=== EXERCISE DESCRIPTION ===
Could you retype every line of the data underneath without altering anything?

*** MATERIAL FOR THE TASK Section Begins ***

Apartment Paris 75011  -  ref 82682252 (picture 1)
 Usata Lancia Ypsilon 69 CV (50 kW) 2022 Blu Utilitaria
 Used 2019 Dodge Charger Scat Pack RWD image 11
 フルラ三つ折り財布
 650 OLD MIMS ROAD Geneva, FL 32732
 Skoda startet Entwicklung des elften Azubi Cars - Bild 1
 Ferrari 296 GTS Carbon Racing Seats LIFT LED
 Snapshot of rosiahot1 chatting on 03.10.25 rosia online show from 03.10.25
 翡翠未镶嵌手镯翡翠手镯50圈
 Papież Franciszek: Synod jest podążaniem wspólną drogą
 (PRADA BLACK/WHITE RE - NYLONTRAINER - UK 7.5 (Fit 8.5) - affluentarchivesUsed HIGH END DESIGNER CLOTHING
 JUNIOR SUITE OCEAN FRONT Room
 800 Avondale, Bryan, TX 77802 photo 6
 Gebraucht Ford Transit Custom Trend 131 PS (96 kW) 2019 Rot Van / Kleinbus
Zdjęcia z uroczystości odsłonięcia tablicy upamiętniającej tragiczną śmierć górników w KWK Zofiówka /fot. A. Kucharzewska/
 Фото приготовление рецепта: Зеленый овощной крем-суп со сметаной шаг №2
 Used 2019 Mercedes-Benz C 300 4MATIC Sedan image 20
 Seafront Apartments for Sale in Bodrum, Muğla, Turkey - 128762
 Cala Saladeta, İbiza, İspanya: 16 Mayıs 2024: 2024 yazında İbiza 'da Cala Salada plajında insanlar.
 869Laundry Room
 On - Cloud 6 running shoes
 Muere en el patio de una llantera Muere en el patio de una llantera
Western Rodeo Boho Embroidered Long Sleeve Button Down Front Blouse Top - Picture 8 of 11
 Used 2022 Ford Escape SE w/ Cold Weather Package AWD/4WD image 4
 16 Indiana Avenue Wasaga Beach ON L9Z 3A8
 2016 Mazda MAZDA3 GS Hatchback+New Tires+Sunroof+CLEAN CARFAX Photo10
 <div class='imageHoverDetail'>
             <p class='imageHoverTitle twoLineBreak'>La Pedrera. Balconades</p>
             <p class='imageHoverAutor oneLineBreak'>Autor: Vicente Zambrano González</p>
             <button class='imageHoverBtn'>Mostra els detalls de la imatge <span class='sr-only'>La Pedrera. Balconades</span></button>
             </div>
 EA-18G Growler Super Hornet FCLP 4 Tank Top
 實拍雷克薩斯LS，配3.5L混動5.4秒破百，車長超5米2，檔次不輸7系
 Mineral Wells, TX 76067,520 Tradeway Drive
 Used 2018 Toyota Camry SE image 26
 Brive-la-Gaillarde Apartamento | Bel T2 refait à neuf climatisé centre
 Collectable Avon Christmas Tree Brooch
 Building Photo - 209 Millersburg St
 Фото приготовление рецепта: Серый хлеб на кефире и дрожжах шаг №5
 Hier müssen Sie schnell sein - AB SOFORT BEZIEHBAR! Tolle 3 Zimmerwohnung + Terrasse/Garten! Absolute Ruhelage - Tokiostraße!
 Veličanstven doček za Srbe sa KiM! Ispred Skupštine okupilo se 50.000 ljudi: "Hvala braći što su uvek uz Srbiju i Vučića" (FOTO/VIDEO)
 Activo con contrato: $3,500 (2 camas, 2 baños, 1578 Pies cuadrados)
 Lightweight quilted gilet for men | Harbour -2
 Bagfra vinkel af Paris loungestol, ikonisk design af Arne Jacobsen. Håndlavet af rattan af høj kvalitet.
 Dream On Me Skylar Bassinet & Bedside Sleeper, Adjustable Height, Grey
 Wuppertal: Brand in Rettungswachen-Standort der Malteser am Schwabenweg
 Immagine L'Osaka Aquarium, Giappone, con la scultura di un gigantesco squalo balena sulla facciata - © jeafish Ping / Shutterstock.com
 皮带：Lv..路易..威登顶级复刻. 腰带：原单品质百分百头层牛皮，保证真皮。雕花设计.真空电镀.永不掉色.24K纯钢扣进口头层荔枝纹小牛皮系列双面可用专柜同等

*** MATERIAL FOR THE TASK Section Ends ***

=== COMPLETED EXERCISE ===
Apartment Paris 75011  -  ref 82682252 (picture 1)
 Usata Lancia Ypsilon 69 CV (50 kW) 2022 Blu Utilitaria
 Used 2019 Dodge Charger Scat Pack RWD image 11
 フルラ三つ折り財布
 650 OLD MIMS ROAD Geneva, FL 32732
 Skoda startet Entwicklung des elften Azubi Cars - Bild 1
 Ferrari 296 GTS Carbon Racing Seats LIFT LED
 Snapshot of rosiahot1 chatting on 03.10.25 rosia online show from 03.10.25
 翡翠未镶嵌手镯翡翠手镯50圈
 Papież Franciszek: Synod jest podążaniem wspólną drogą
 (PRADA BLACK/WHITE RE - NYLONTRAINER - UK 7.5 (Fit 8.5) - affluentarchivesUsed HIGH END DESIGNER CLOTHING
 JUNIOR SUITE OCEAN FRONT Room
 800 Avondale, Bryan, TX 77802 photo 6
 Gebraucht Ford Transit Custom Trend 131 PS (96 kW) 2019 Rot Van / Kleinbus
Zdjęcia z uroczystości odsłonięcia tablicy upamiętniającej tragiczną śmierć górników w KWK Zofiówka /fot. A. Kucharzewska/
 Фото приготовление рецепта: Зеленый овощной крем-суп со сметаной шаг №2
 Used 2019 Mercedes-Benz C 300 4MATIC Sedan image 20
 Seafront Apartments for Sale in Bodrum, Muğla, Turkey - 128762
 Cala Saladeta, İbiza, İspanya: 16 Mayıs 2024: 2024 yazında İbiza 'da Cala Salada plajında insanlar.
 869Laundry Room
 On - Cloud 6 running shoes
 Muere en el patio de una llantera Muere en el patio de una llantera
Western Rodeo Boho Embroidered Long Sleeve Button Down Front Blouse Top - Picture 8 of 11
 Used 2022 Ford Escape SE w/ Cold Weather Package AWD/4WD image 4
 16 Indiana Avenue Wasaga Beach ON L9Z 3A8
 2016 Mazda MAZDA3 GS Hatchback+New Tires+Sunroof+CLEAN CARFAX Photo10
 <div class='imageHoverDetail'>
             <p class='imageHoverTitle twoLineBreak'>La Pedrera. Balconades</p>
             <p class='imageHoverAutor oneLineBreak'>Autor: Vicente Zambrano González</p>
             <button class='imageHoverBtn'>Mostra els detalls de la imatge <span class='sr-only'>La Pedrera. Balconades</span></button>
             </div>
 EA-18G Growler Super Hornet FCLP 4 Tank Top
 實拍雷克薩斯LS，配3.5L混動5.4秒破百，車長超5米2，檔次不輸7系
 Mineral Wells, TX 76067,520 Tradeway Drive
 Used 2018 Toyota Camry SE image 26
 Brive-la-Gaillarde Apartamento | Bel T2 refait à neuf climatisé centre
 Collectable Avon Christmas Tree Brooch
 Building Photo - 209 Millersburg St
 Фото приготовление рецепта: Серый хлеб на кефире и дрожжах шаг №5
 Hier müssen Sie schnell sein - AB SOFORT BEZIEHBAR! Tolle 3 Zimmerwohnung + Terrasse/Garten! Absolute Ruhelage - Tokiostraße!
 Veličanstven doček za Srbe sa KiM! Ispred Skupštine okupilo se 50.000 ljudi: "Hvala braći što su uvek uz Srbiju i Vučića" (FOTO/VIDEO)
 Activo con contrato: $3,500 (2 camas, 2 baños, 1578 Pies cuadrados)
 Lightweight quilted gilet for men | Harbour -2
 Bagfra vinkel af Paris loungestol, ikonisk design af Arne Jacobsen. Håndlavet af rattan af høj kvalitet.
 Dream On Me Skylar Bassinet & Bedside Sleeper, Adjustable Height, Grey
 Wuppertal: Brand in Rettungswachen-Standort der Malteser am Schwabenweg
 Immagine L'Osaka Aquarium, Giappone, con la scultura di un gigantesco squalo balena sulla facciata - © jeafish Ping / Shutterstock.com
 皮带：Lv..路易..威登顶级复刻. 腰带：原单品质百分百头层牛皮，保证真皮。雕花设计.真空电镀.永不掉色.24K纯钢扣进口头层荔枝纹小牛皮系列双面可用专柜同等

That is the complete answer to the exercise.